Opening the second half, Mr. Lee offered one of his own works, entitled Three Novelettes. Written in 2015, the three pieces (Reflection, Levity, and Blossom), are dedicated to Robert L. Blocker, Dean of Music at Yale University. Mr. Lee writes in his program notes that Reflection pays tribute to the many ways Mr. Blocker inspires those around him; Levity, his fun-loving and humorous side, and Blossom his infectious warmth. These pieces were an interesting bookend to the Tan Dun, as the style was quite similar (though I did detect some kinship with York Bowen’s Preludes as well in Levity!).

Beethoven’s monumental Sonata in E major, Op. 109 followed. This work presents many challenges, not the least of which is a distinguished performance history by some of the legends of the piano. Mr. Lee suffered no complexes, as he delivered a performance of intelligence and sensitivity that reminded one of Alfred Brendel. It was the highlight of the evening for this listener.

Closing with Chopin’s Barcarolle in F-sharp major, Op. 60, often called the “Fifth Ballade,” Mr. Lee played with a bright tone and a freshness of sound that sparkled without a hint of labored effort.

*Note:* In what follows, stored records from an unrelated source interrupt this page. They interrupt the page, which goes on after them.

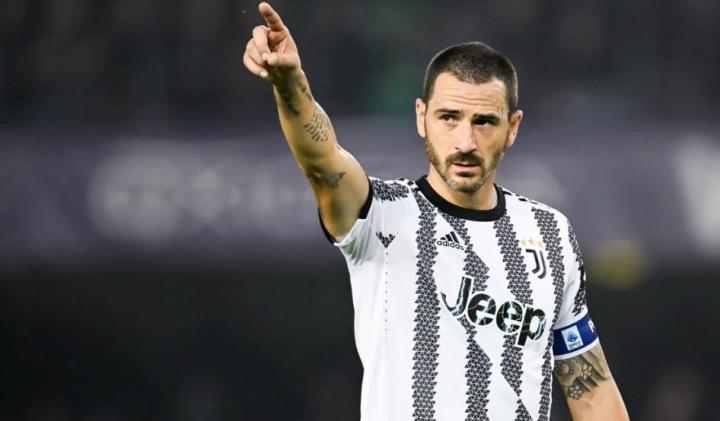 记者：博努奇和阿贾克斯近期将正式接触，尤文正在等待结果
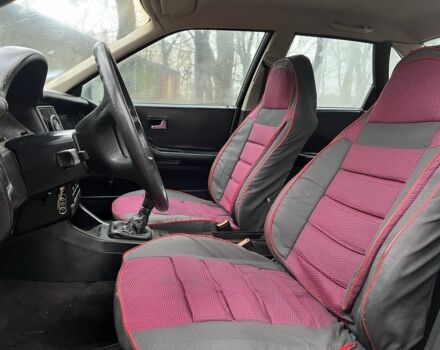 Белый Ауди 80, объемом двигателя 1.6 л и пробегом 300 тыс. км за 1100 $, фото 10 на Automoto.ua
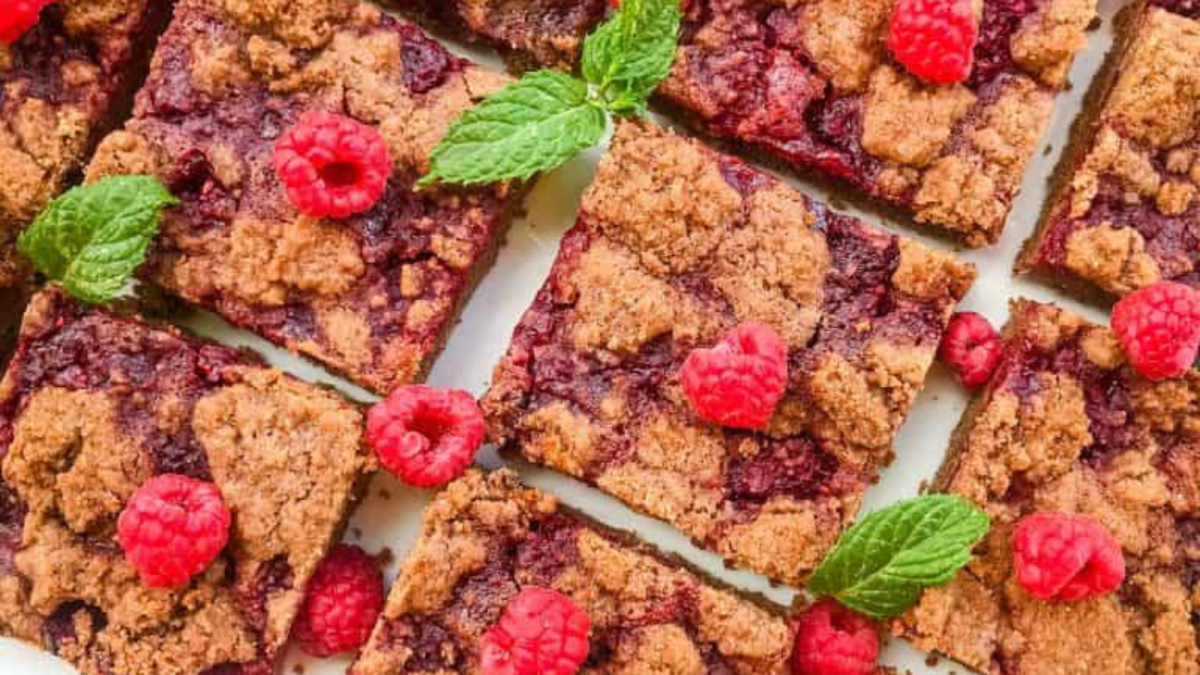 Chocolate Raspberry Crumble Bars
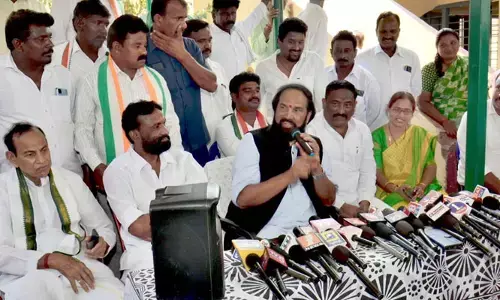 పార్లమెంట్‌లో వారిపై మాట్లాడినందకు రాహుల్‌పై వేటు.. కేంద్రంపై ఉత్తమ్ ఫైర్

Mr. Lee is obviously very much at home with the works on this program. He has thought through his approach to the finest of details and executed those details with exact precision and no elements of display. One must not take this as saying that Mr. Lee is lacking in technical prowess, as he has more than enough digital facility to negotiate any challenge, but that he does not make his technique “front and center.” If anything, he gives the appearance that it is all so very easy, and to the viewing public more used to seeing demonstrative motions (often to the point of histrionics), he might not get his proper respect.

Mr. Lee opted for a most unusual choice as his encore, a truncated arrangement of the opening movement of the Grieg Piano Concerto in A minor. This was not exactly what most would consider “encore” material, but the audience found it to be thrilling and gave Mr. Lee a standing ovation.